• **EXERCISE**:
When you copy the data, keep every line exactly as written and skip the pictures.

• **GIVEN INFORMATION**:
- Opening Delimiter -
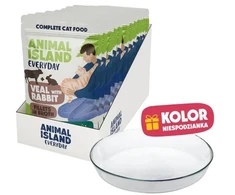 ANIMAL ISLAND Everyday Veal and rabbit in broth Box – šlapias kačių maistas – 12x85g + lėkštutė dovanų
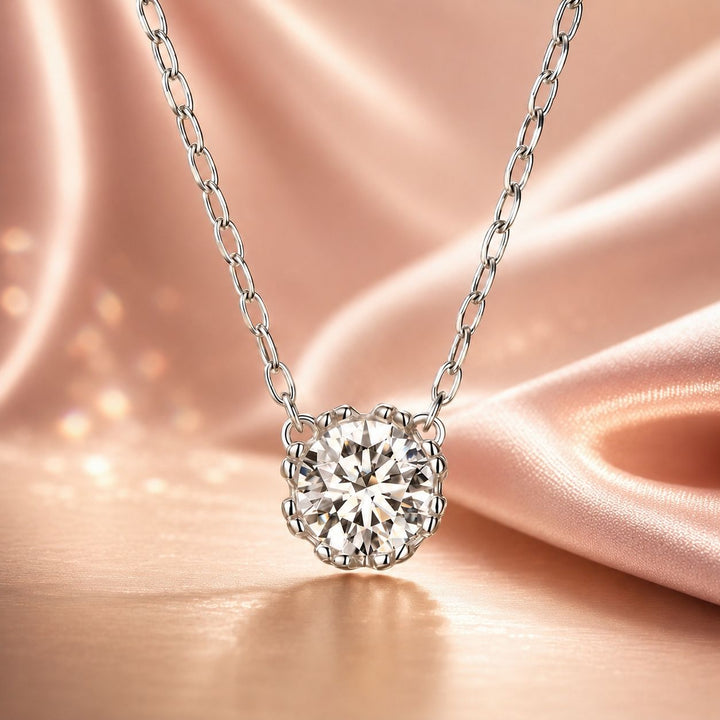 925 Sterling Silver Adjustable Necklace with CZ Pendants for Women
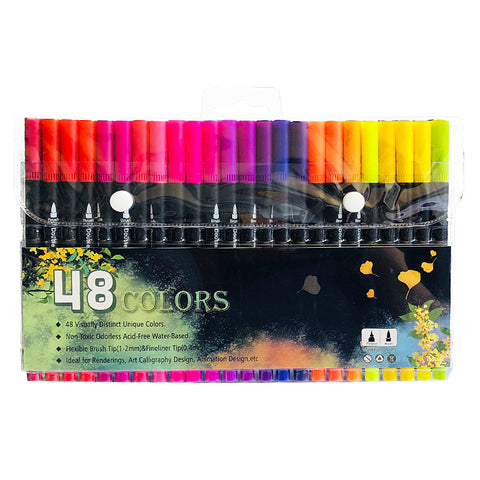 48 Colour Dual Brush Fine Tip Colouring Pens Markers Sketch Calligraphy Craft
- Closing Delimiter -
• **REPLY TO THE TASK**:
 ANIMAL ISLAND Everyday Veal and rabbit in broth Box – šlapias kačių maistas – 12x85g + lėkštutė dovanų
 925 Sterling Silver Adjustable Necklace with CZ Pendants for Women
 48 Colour Dual Brush Fine Tip Colouring Pens Markers Sketch Calligraphy Craft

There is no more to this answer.